Life, the Universe and Everything by Douglas Adams
Pan Books - 1982
160 pages
The unhappy inhabitants of planet Krikkit are sick of looking at the night sky above their heads--so they plan to destroy it. The universe, that is. Now only five individuals stand between the killer robots of Krikkit and their goal of total annihilation.
They are Arthur Dent, a mild-mannered space and time traveler who tries to learn how to fly by throwing himself at the ground and missing; Ford Prefect, his best friend, who decides to go insane to see if he likes it; Slartibartfast, the indomitable vice president of the Campaign for Real Time, who travels in a ship powered by irrational behavior; Zaphod Beeblebrox, the two-headed, three-armed ex-president of the galaxy; and Trillian, the space cadet who is torn between a persistent thunder god and a very depressed Beeblebrox.

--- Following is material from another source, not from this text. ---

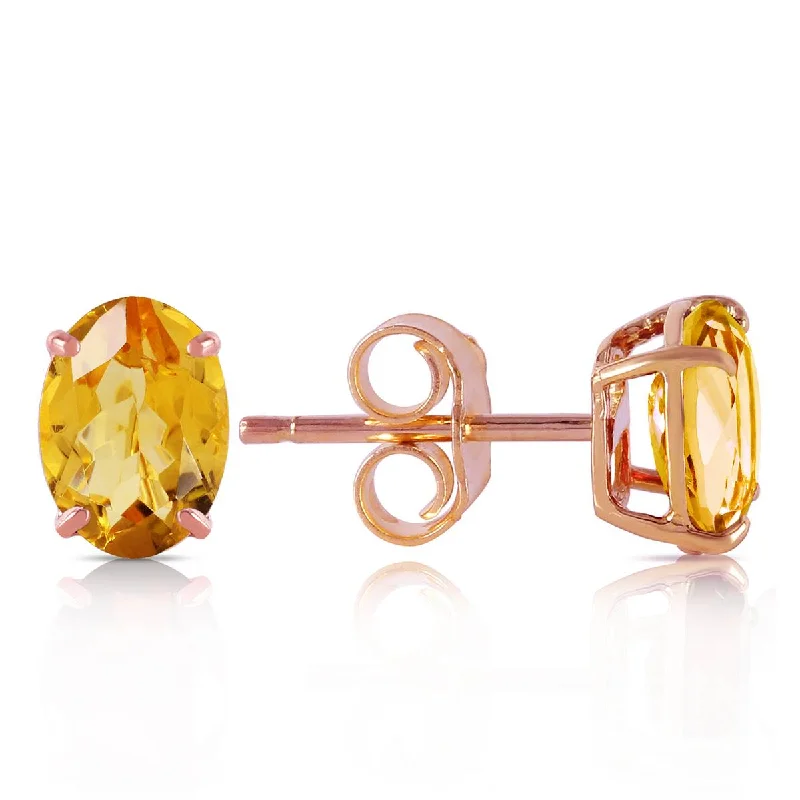 custom earrings for bridesmaids -1.8 Carat 14K Solid Rose Gold Panache Citrine Stud Earrings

How will it all end? Will it end? Only this stalwart crew knows as they try to avert "universal" Armageddon and save life as we know it--and don't know it!
This one is different than the other two. The plot is about Armageddon by the robots of Krikkit from the beginning to end. It ambles in the middle, but ultimately it sticks with one plot the whole way through, which saves a lot of trouble.
The book took me only a couple of days to read, but it makes it difficult to review. Unlike most series that have wild ups and downs (The Last Werewolf trilogy), the Hitchhiker's "trilogy" stays more and more consistent.